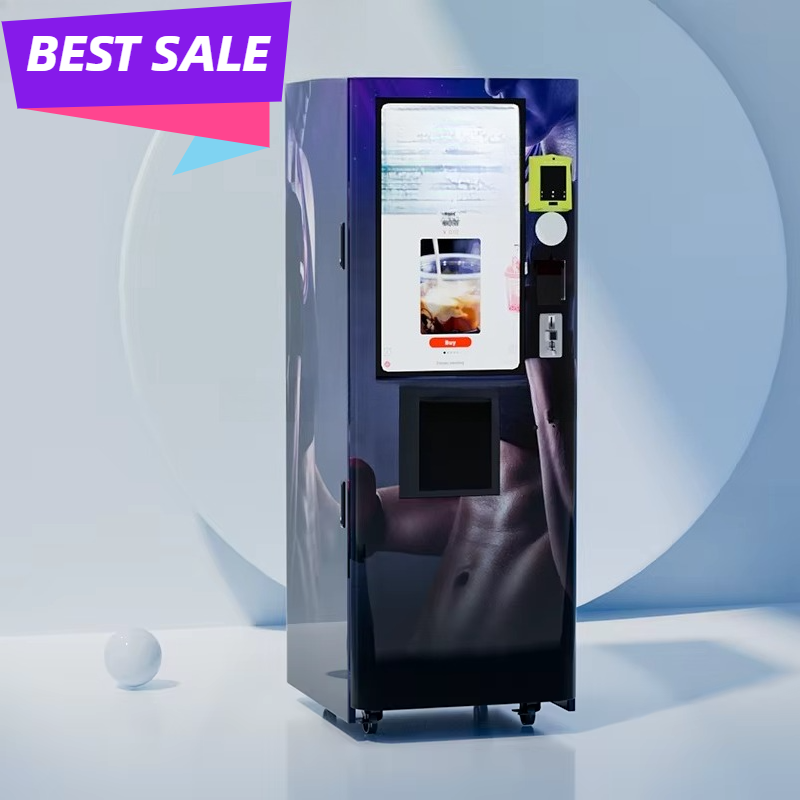 Máquina de Venda Automática de - Nutrition Fitness Gym avaliação e preço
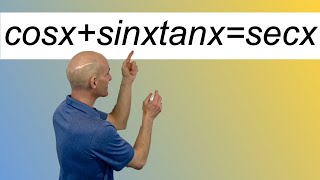 Verifying Trigonometric Identities (Examples)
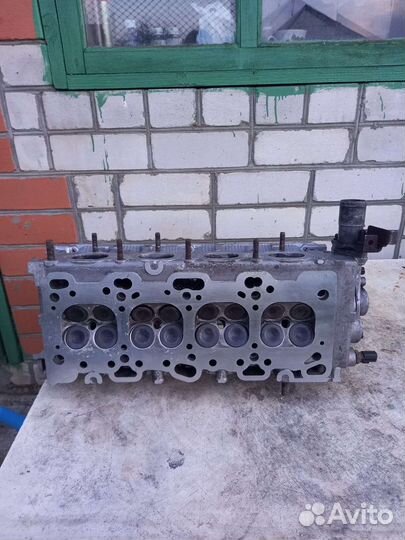 Chery tiggo гбц 2.4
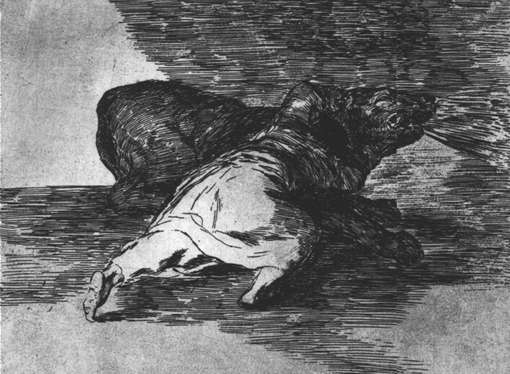 Goya's Disasters of War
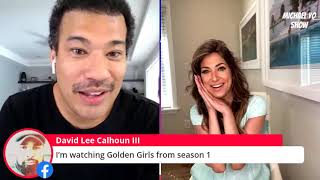 Fandango's Nikki Novak (Yo Show) | Michael Yo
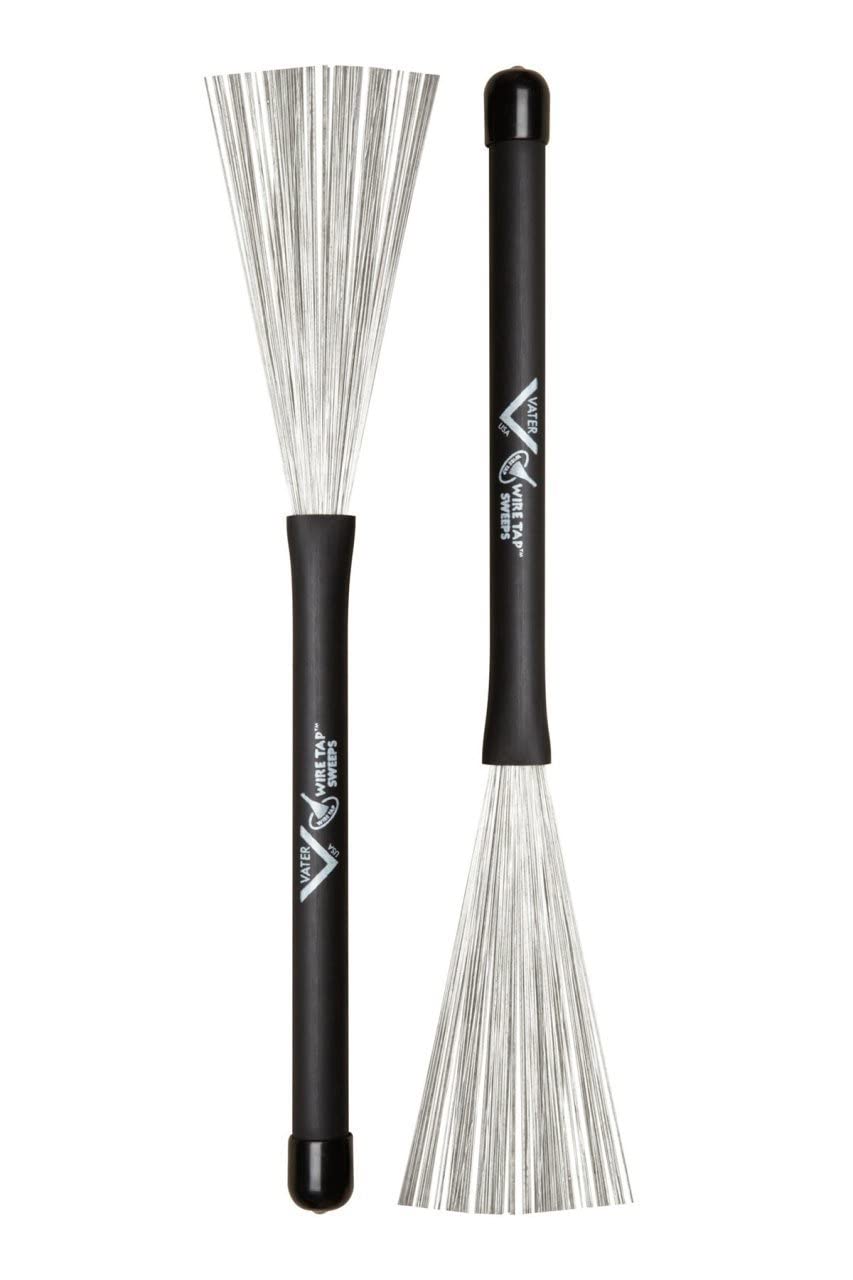 Vater Drum And Percussion Brushes (Vbsw)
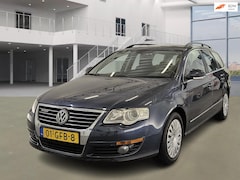 Volkswagen Passat Variant - 1.9 TDI BlueMotion PENSOR CRUISE TREKHAAK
——————————
• **Aim of the task**: Leave the pictures out. Extract exactly the lines running from the one with "Fandango's Nikki Novak" through the last entry, both ends included.

• **Solution to the exercise**:
 Fandango's Nikki Novak (Yo Show) | Michael Yo
 Vater Drum And Percussion Brushes (Vbsw)
 Volkswagen Passat Variant - 1.9 TDI BlueMotion PENSOR CRUISE TREKHAAK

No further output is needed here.